Get the right skills to work your marriage
Okay, so you’ve decided to learn to love the person you married, now what? Well, “to learn” has many meanings:
- acquire or gain knowledge or skills
- be a student of a certain subject
- commit to memory; learn by heart
- find out, learn, or determine with certainty, usually by making an inquiry or other effort
Now, imagine you take the definitions above and somehow insert them into your relationship. I think it might look something like this:
- acquire or gain knowledge or skills about my spouse and our marriage
- be a student of my spouse and our marriage
- commit to memory; learn by heart my spouse and our marriage
- find out, learn, or determine with certainty, usually by making an inquiry or other efforts of my spouse and about our marriage
Since learning comes in the form of both first and second-hand experience, you must ask your spouse what they need from you and then pursue the information and the skills like your lifetime depends on it.
Commit to the labor of changing your behavior
You’ve decided to pursue the information and the skills like your lifetime depends on it. Great! But now you’re starting to realize that this is work! Hard work. Labor. Well, one reason you feel this way is because you are beginning understand that a lifetime commitment is a labor of love.

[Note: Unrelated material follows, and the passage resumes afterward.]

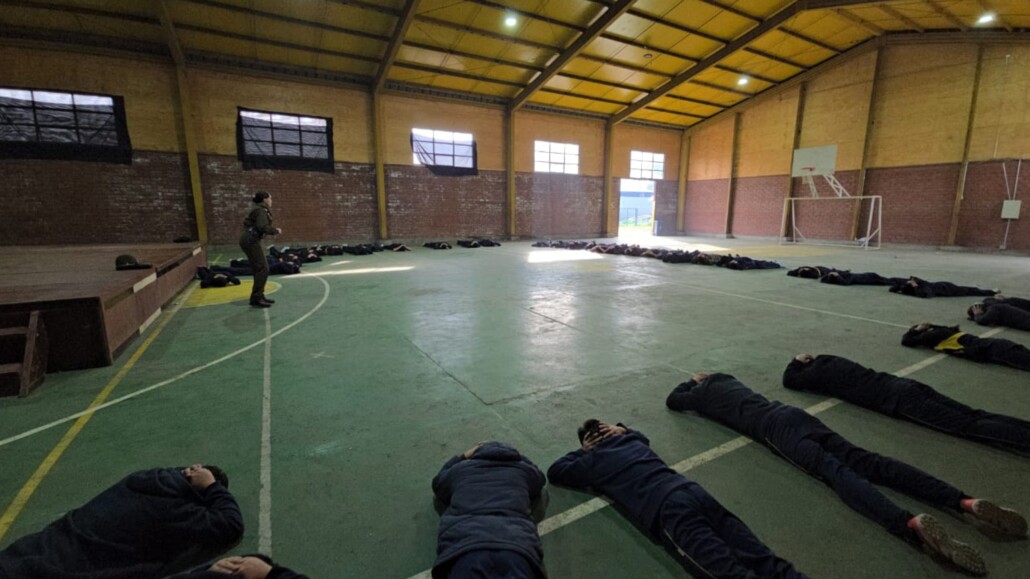 Carabineros intensifica la labor preventiva en escuelas de Los Ángeles ante delitos ocurridos.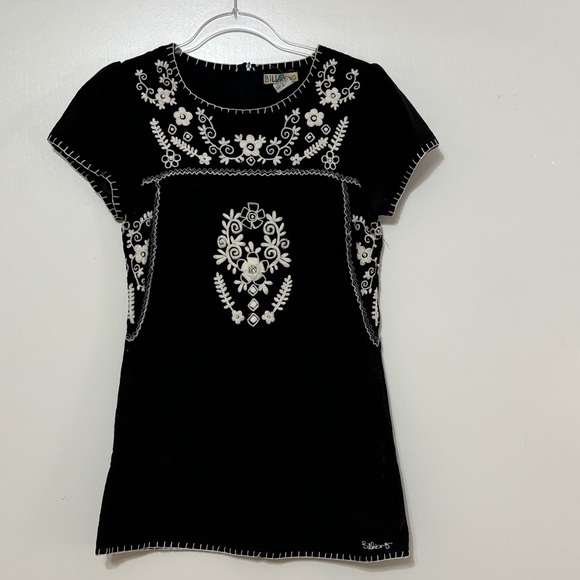 Billabong  - Vintage Black Mini Dress with White Floral Embroidery - Picture 1 of 10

It’s laborious to go outside of your comfort zone and love someone the way they need to be loved. It takes work to shift your tone to kindness when anger is what you feel in the moment. You have to dig deep to show mercy when all you want to do is lash out. Make no mistake, implementing the skills you are learning takes real effort. But eventually, you’ll notice something. You’ll notice that your behavioral muscle is changing to suit your spouse’s needs. It’s no longer quite as hard to detect and shift your poor conduct as it used to be. So now, all you need to do is commit to change, growth, and your marriage, and keep recommitting for a lifetime.
Don’t give up on your failing marriage. Take action starting with the above tips. Find as many ways as possible to connect with your spouse again – spiritually, emotionally, physically. You will need to realign your thinking in a way that might scare you. But once you commit, you will become a part of a different statistic. You will enter the realm of the 50 percent who decided to make the term “love for a lifetime,” actually mean something good and real. And now, when it comes to your marriage, failure will no longer be a part of your vocabulary.
BMWK, are you ready to turn your failing marriage around?